### WORK INSTRUCTIONS
Please repeat, exactly and without pictures, the lines of the entries below that run from the one containing "Seamless Banner Symmetry" through the one containing "1/12 Kamado Nezuko".
*** DATA EXTRACTS ***
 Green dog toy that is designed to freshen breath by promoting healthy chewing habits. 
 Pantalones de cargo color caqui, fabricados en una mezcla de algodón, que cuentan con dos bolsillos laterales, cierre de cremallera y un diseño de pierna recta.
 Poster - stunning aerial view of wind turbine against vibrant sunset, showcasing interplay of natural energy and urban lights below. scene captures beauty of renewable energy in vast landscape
***
*** DATA EXTRACTS ***
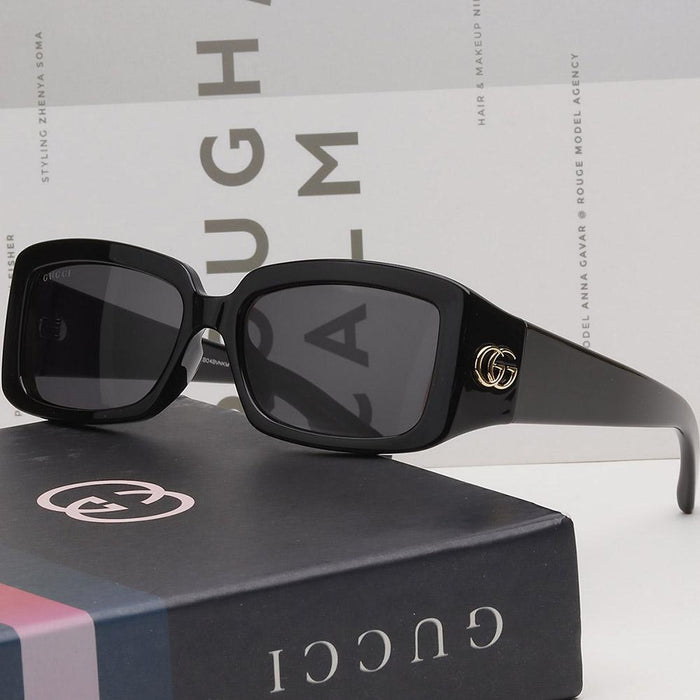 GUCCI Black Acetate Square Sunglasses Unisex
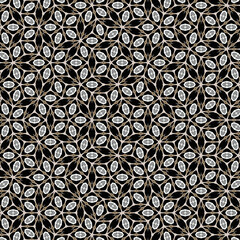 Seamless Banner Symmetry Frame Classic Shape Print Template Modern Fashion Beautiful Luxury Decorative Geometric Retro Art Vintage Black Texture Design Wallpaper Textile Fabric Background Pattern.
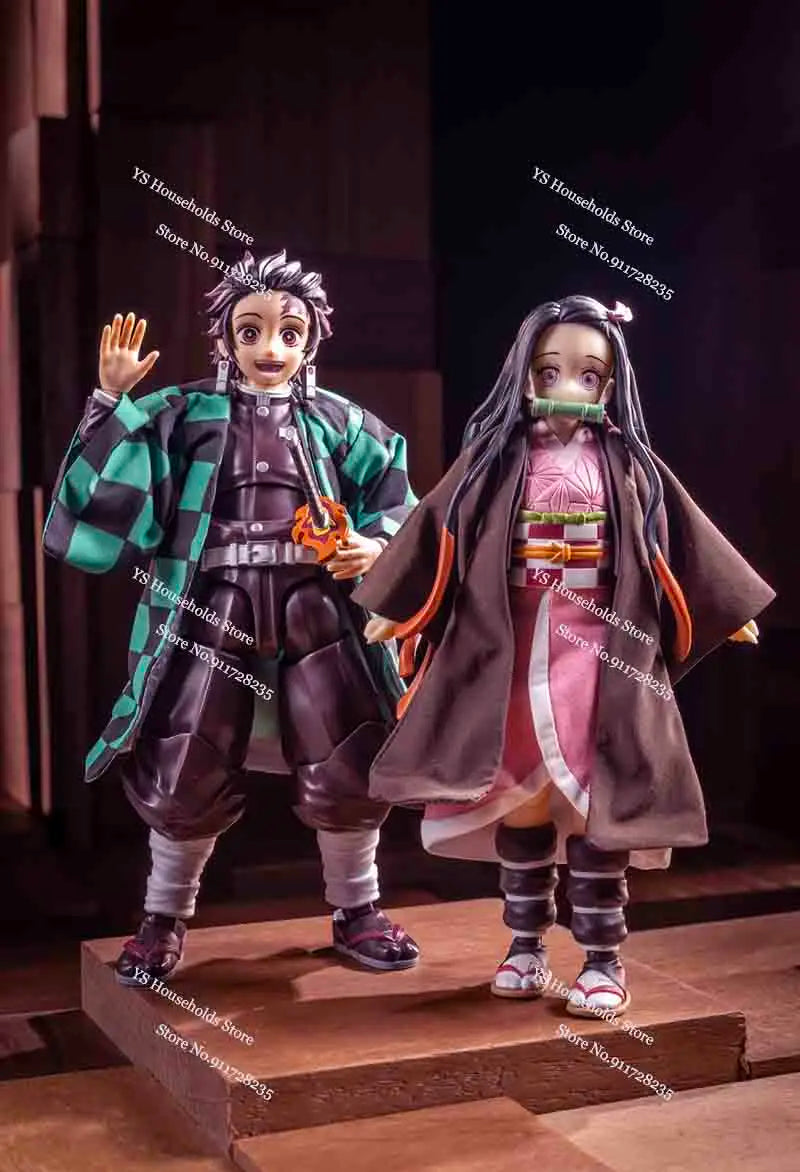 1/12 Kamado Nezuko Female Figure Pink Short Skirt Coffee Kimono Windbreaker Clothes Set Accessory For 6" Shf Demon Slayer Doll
***
### RESULT OF THE TASK
 Seamless Banner Symmetry Frame Classic Shape Print Template Modern Fashion Beautiful Luxury Decorative Geometric Retro Art Vintage Black Texture Design Wallpaper Textile Fabric Background Pattern.
 1/12 Kamado Nezuko Female Figure Pink Short Skirt Coffee Kimono Windbreaker Clothes Set Accessory For 6" Shf Demon Slayer Doll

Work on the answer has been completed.